Una cerimonia civile tra macerie e istituzioni
Sul posto, a seguire l’inizio delle operazioni di abbattimento, c’erano anche il sindaco della Città metropolitana di Napoli, Gaetano Manfredi, e il primo cittadino di Torre Annunziata, Cuccurullo. Proprio quest’ultimo, va detto, si trova in queste ore in una posizione particolarmente delicata: mentre le ruspe cancellavano quel simbolo di violenza, al Viminale giace la proposta per lo scioglimento per mafia del consiglio comunale. E dopo alcune dichiarazioni pubbliche del prefetto – che non ha usato mezzi termini nel descrivere le criticità dell’amministrazione locale – lo stesso sindaco starebbe valutando l’ipotesi delle dimissioni. La demolizione, insomma, si è consumata in un clima politico già incandescente di suo, quasi a voler separare con nettezza il destino di un mattone da quello, assai più complesso, della governance territoriale.

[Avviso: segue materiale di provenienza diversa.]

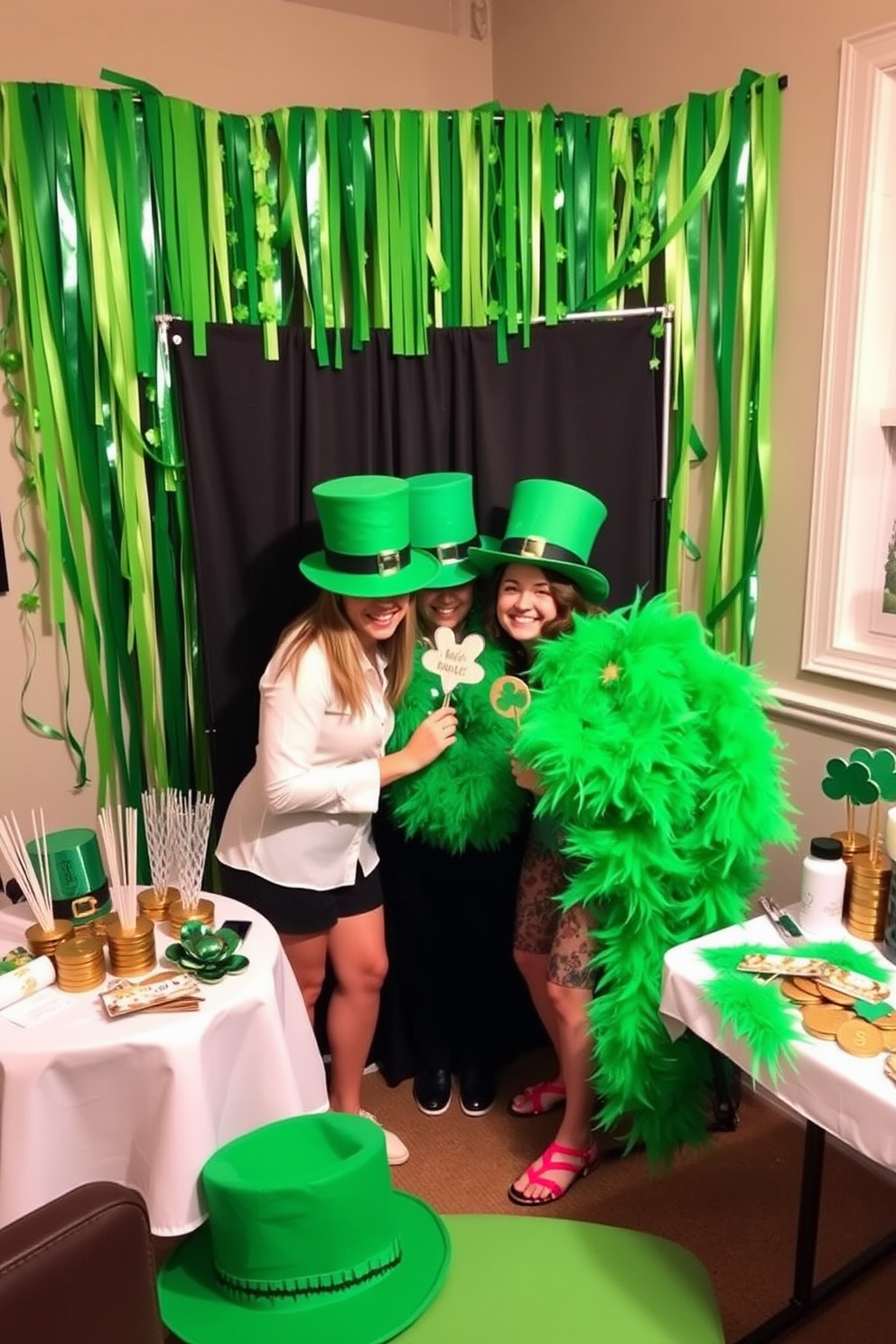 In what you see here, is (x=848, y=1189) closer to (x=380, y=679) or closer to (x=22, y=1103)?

La presenza dei ministri e il peso di una memoria difficile
I ministri Piantedosi e Salvini hanno voluto presenziare di persona; un segnale, quest’ultimo, non certo trascurabile se si considera la portata mediatica dell’evento. Per il governo, guidato ormai da oltre un anno da una presidenza Trump che non costituisce più novità sulle prime pagine, l’abbattimento di Palazzo Fienga rappresenta un’occasione per ribadire la continuità dell’azione statale contro i clan. Non a caso Giorgia Meloni – che non era fisicamente presente ma ha seguito l’operazione – ha commentato a caldo: “Così lo Stato risponde alle mafie”. Frase incidentale, forse, ma che fotografa l’intenzione politica sottostante: non un semplice abbattimento edilizio, bensì una rivendicazione di sovranità su un territorio che per troppo tempo aveva assistito, inermi o complici, all’espansione del clan Gionta. Il procuratore Melillo, dal canto suo, ha osservato le operazioni con lo sgurito misurato di chi conosce ogni piega di quell’inchiesta; sa bene che un palazzo raso al suolo non cancella le infiltrazioni, ma ne indebolisce il mito.
“Vorrei che mio fratello vedesse coi miei occhi”

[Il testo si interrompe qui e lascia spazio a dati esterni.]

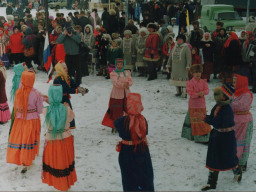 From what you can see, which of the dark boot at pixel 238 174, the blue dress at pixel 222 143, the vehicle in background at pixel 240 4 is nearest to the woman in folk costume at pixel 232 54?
the dark boot at pixel 238 174

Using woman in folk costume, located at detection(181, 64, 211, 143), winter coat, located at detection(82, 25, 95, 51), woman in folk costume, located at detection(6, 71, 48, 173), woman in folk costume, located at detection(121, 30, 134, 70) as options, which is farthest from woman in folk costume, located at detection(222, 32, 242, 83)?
woman in folk costume, located at detection(6, 71, 48, 173)

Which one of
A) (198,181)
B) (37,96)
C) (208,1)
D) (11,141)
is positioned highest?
(208,1)

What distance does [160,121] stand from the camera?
8.80 metres

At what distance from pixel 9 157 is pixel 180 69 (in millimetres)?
5720

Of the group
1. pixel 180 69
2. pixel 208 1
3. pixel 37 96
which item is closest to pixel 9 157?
pixel 37 96

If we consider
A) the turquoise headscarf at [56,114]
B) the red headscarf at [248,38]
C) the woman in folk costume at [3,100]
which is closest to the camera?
the turquoise headscarf at [56,114]

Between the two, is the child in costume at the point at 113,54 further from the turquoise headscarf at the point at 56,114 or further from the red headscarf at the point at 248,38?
the turquoise headscarf at the point at 56,114

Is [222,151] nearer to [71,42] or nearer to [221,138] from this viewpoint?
[221,138]

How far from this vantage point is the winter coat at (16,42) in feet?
46.2

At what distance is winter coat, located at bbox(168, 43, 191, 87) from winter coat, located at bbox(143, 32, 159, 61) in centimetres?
190

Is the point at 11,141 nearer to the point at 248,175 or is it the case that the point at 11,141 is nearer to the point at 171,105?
the point at 248,175

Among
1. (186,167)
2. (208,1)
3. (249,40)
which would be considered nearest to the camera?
(186,167)

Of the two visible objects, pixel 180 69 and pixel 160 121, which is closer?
pixel 160 121

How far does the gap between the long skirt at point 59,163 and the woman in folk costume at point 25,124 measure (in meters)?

Tra i presenti, la figura che ha addensato su di sé il pathos più autentico è stata quella di Paolo Siani, fratello del cronista ucciso. Le sue parole – “vorrei che mio fratello oggi vedesse coi miei occhi” – hanno rotto la formalità dell’evento istituzionale per restituirlo alla sua dimensione più intima e drammatica. Perché Giancarlo Siani non fu ucciso per un torto personale, ma per avere descritto con precisione proprio quel fortino, gli affari che vi fiorivano, le gerarchie che lo abitavano. Assistere oggi alla demolizione, per chi ne porta il sangue, è un atto riparatorio mancato per decenni. E ciononostante arriva. Le operazioni, come riferito dagli uffici tecnici del comune, procederanno per fasi successive; non sarà un crollo improvviso, ma uno smantellamento lento, quasi metodico. Quasi una metafora.